舌で唇をなぞり、生唾を飲み込んだ。これを見たら、サイズはどんな反応をするだろう。もっと、これを強めてくれるだろうか。
鎖に巻き付かれたまま、膝を付き、身体を折り曲げ、舌を伸ばす。浅ましくも犬が餌を食うように、床に転がった刃身を付け根から丁寧に。
「女の子がそんなことしちゃ……」
抵抗を見せている。でも止まらない。止まれやしない。刃の部分を舌の腹でなぞっていく。切れるか、切れないか。その瀬戸際により高揚感を覚えながら。
刃先に届こうというあたりで、ぎゅっと鎖の絞めつけが増した。だから、力加減を間違えたのだ。
にいまりと笑う。唇の端から細く血が流れている。痛い。痛い。なんて、気持ちいい。
「――――ッ!!」
サイズが口元を抑えて何やら悶ている。それがどうしてかは、察することが出来た。刃先で自分が舌を傷つけてしまったから。血が刃身に付着して、サイズがそれを飲んでしまったから。
驚いて手元が狂ったのだろう。
サイズの指からも血が流れている。驚いて、チェルシーの羽根で傷つけてしまったのだろう。
顔を赤らめ、口元を抑え、その抑えた手からも、血を流している。無垢を染めたような陶酔に襲われた。同時にそれが、ひどく艶かしく思えた。
サイズの顔が弛緩していく。顔を赤らめたまま、薄っすらと笑い、熱のこもった視線を向けてくる。嗚呼なんとも、良い顔になったものだ。

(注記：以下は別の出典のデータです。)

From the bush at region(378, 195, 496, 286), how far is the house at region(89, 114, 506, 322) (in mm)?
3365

サイズはそのままチェルシーがやったように舌を伸ばし、己の指先についた血を舐め取っていく。ぴちゃり、ぴちゃり。しばらくその音だけが鍛冶場に響いていた。
何秒、何分、そうしていただろう。サイズの手がチェルシーの羽根に触れる。先程までの遠慮は感じさせず、明確な目的を持って。
触れる指先。自分と同じ様に、微かな感触だけを残してなぞっていく。なぞられていく。背筋が震えた。もっと、もっとと訴えたい。無茶苦茶に、乱暴に、出鱈目に、軽率に――嗚呼。
舌が伸びる。舌が伸ばされる。犬のように呼吸をしながら、ゆっくりと、近づいていく。